With help from a high school teacher who gave him the freedom to explore, Curtis started experimenting with that magic himself. In a short time, he went from having fun to taking his studies a bit more seriously.
“[My friends and I] wrote a paper about a carbon-capture device that was completely renewable and could work with very high efficiency. That was my first exposure to electrochemistry. The whole process used only electricity, which I thought was really, really cool.”
Although most people wait until they have a few years of college under their belt to find a specialization, Curtis was hooked and wanted to learn more right away.
“I decided to reach out to a professor who did electrochemistry at the U of I, Dr. Rodriguez- Lopez. And I was like, ‘Hey, I’m really interested in solving problems with electrochemistry. Can I sit in on some of your meetings and start getting involved in the lab?’ And he said, ‘Absolutely.’”
After spending his senior year of high school observing and practicing with simulations, Curtis was ready to dive in when he started his first year at UIUC. Before long, he started working on his own projects, studying the solvation shells of ions in batteries.
“By trying to understand how [the structure around the ions] changes, we can better understand how batteries work and what is the best way to make them more efficient.”
It’s easy to imagine that a first-year student would be intimated to work alongside professors and graduate students, but Curtis emphasized how comfortable he’s felt since day one. In fact, he says the relaxed environment is one of his favorite things about working in the Rodriguez-Lopez lab.
“I am right alongside other researchers, doing my own work, helping them do their work, and feeding off their knowledge. … It’s a good environment.”
Every lab on campus has a unique atmosphere, but that’s no reason to be intimidated. Curtis’s advice for undergraduate students hoping to get involved in research is universal: The first step is realizing professors are people too and love discussing their work with the next generation of scientists.
“They’re at the top of their field, but they’re human. They’re people who want to help people. There’s no reason why you should not reach out [to] make that connection.”
Take it from Curtis, who found a warm welcome from a lab full of professors and PhD candidates even as a high school student. You can also take Curtis’s word that between research, classes, and all his other activities, he’s a very busy student.
“I work as an undergraduate research ambassador with the Office of Undergraduate Research. … That’s a pretty cool job. I also coach track at a local high school, and I’m a competitive Latin dancer.”
Although he finds enjoyment in everything he does, he admits he sometimes struggles to find a balance between all of his commitments. As he’s gotten older, he’s learning to keep it all in check.
“Oftentimes, I keep myself a little too busy … I think what I tell myself is that if I really want to do something, I will always make time for it.”
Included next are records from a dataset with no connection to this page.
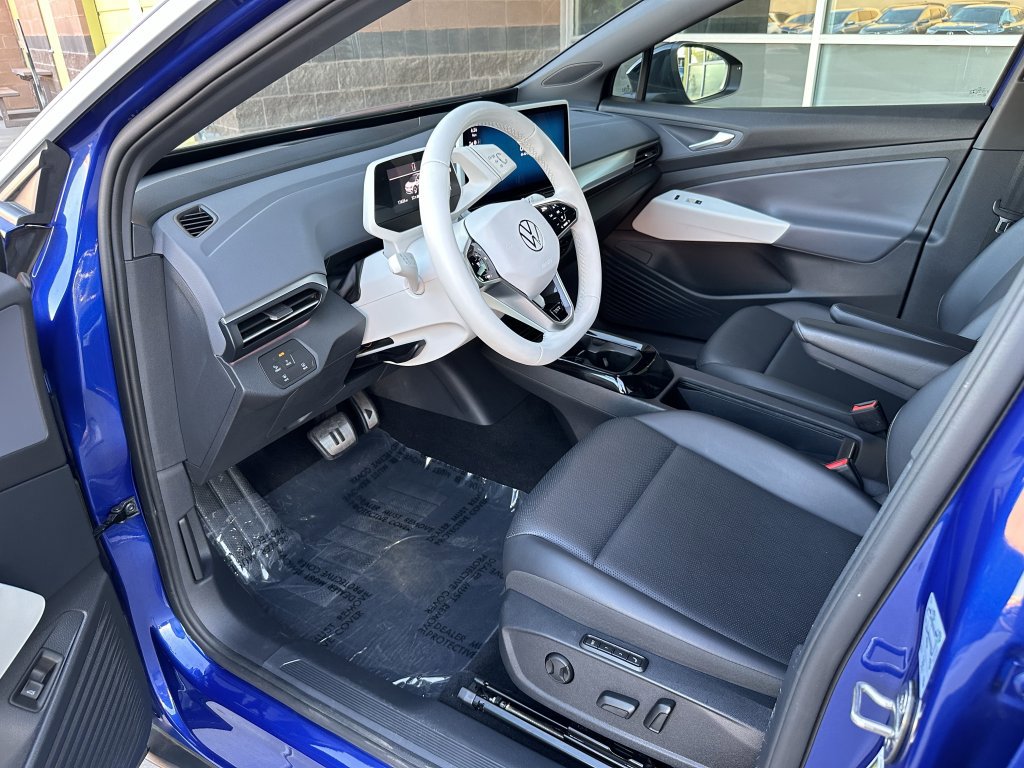 Used 2021 Volkswagen ID.4 1st Edition image 11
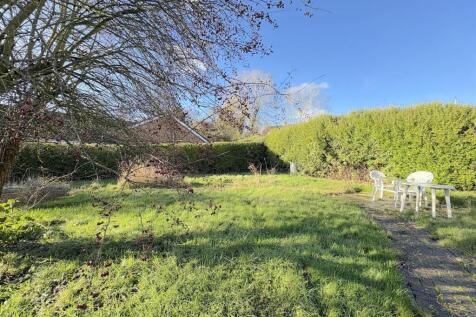 Enclosed Rear Garden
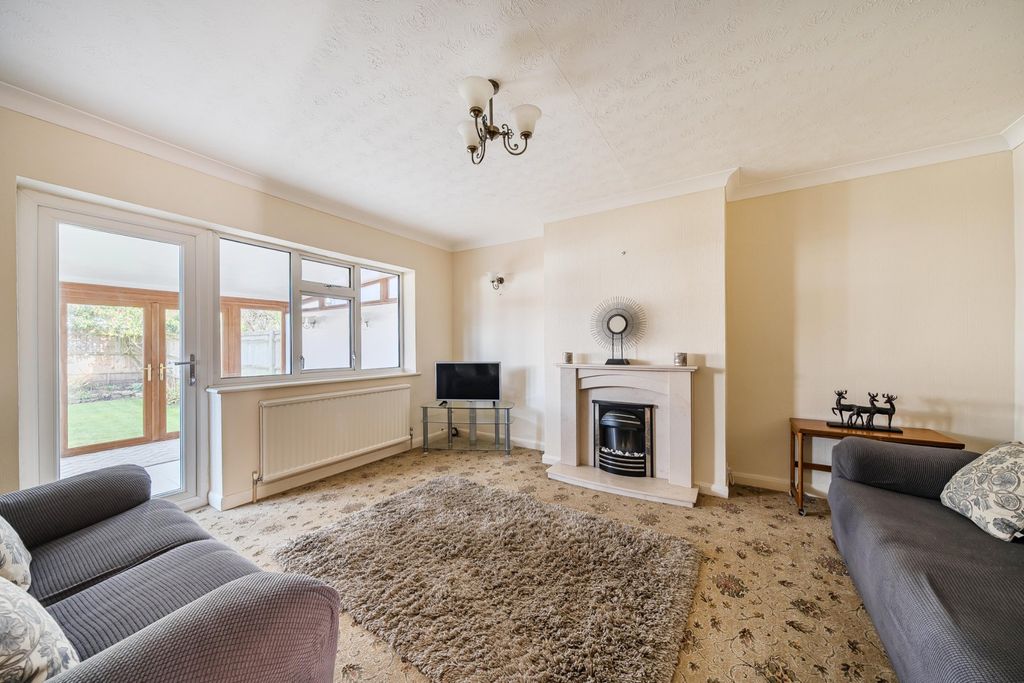 Property photo 2 of 20 Living Room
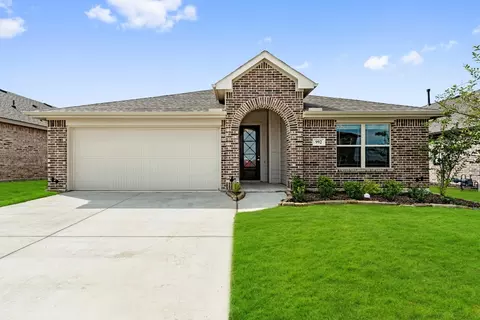 992 Kingbird Ln, Alvarado, TX 76009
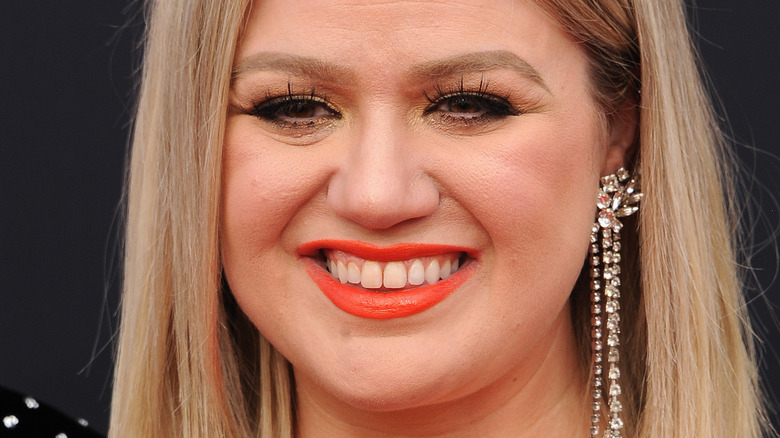 Kelly Clarkson on the red carpet.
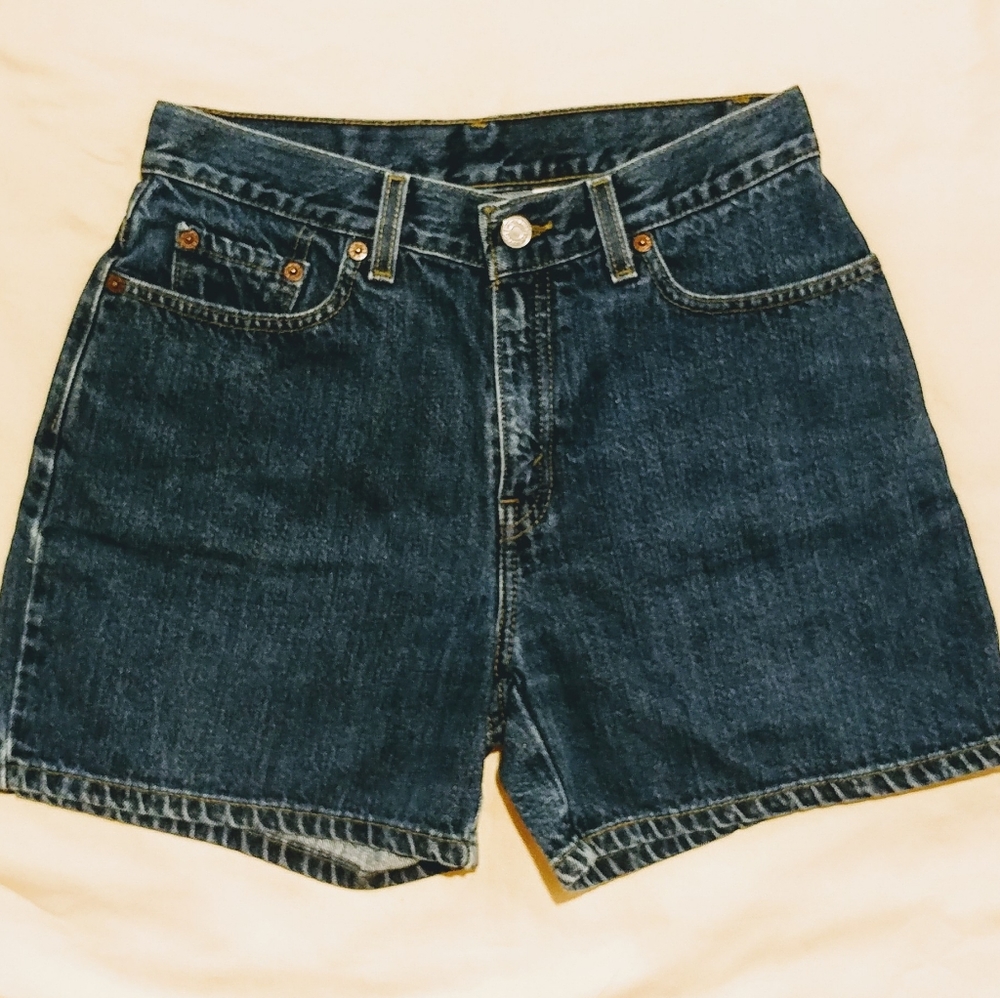 Levi's Shorts Dark Wash Denim Size 6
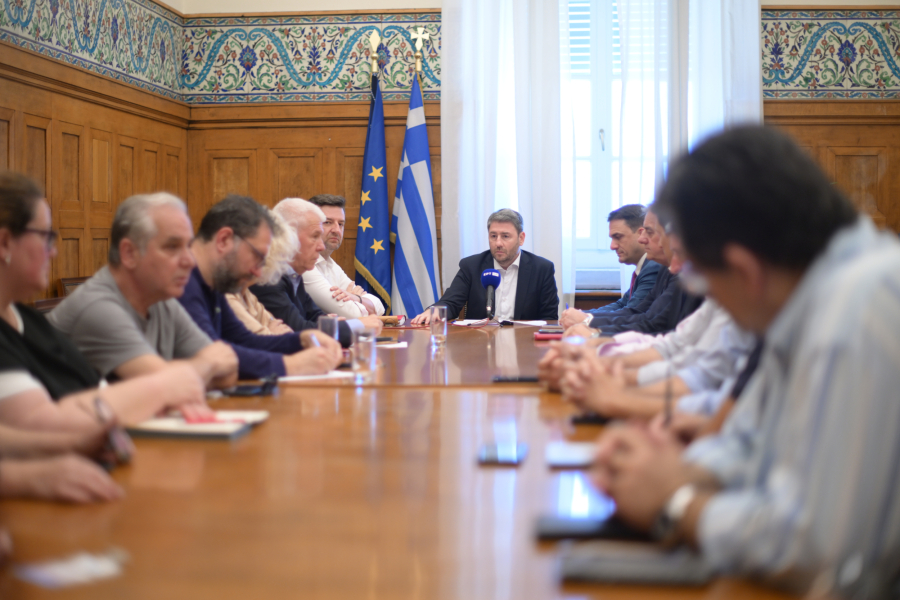 Ανδρουλάκης: Δεν ευθύνεται το Σύνταγμα που η κυβέρνηση έχει το ρεκόρ μετακλητών υπαλλήλων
With such a full plate, Curtis does his best to take life one day at a time, but he sees the future on the horizon. Although his experience lies in electrochemistry, he’s open to exploring all different types of science as he continues his education.
“I would like to continue doing chemistry research and go to grad school and try and get my PhD in chemistry. … After that, I would actually like to work in the space industry. And then the really big goal is, I would like to be an astronaut if I were given the opportunity.”
No matter where in the solar system Curtis’s career takes him, the curiosity that brought him to chemistry in the first place is always there to drive him forward.
“Your heartbeat is an oscillating chemical reaction. The reason why trees can respirate and create oxygen that we breathe is because of chemistry. Even the wood in the desk that my laptop is on right now has chemistry involved. If people want to learn about the world [and] how to connect things together, it’s chemistry.”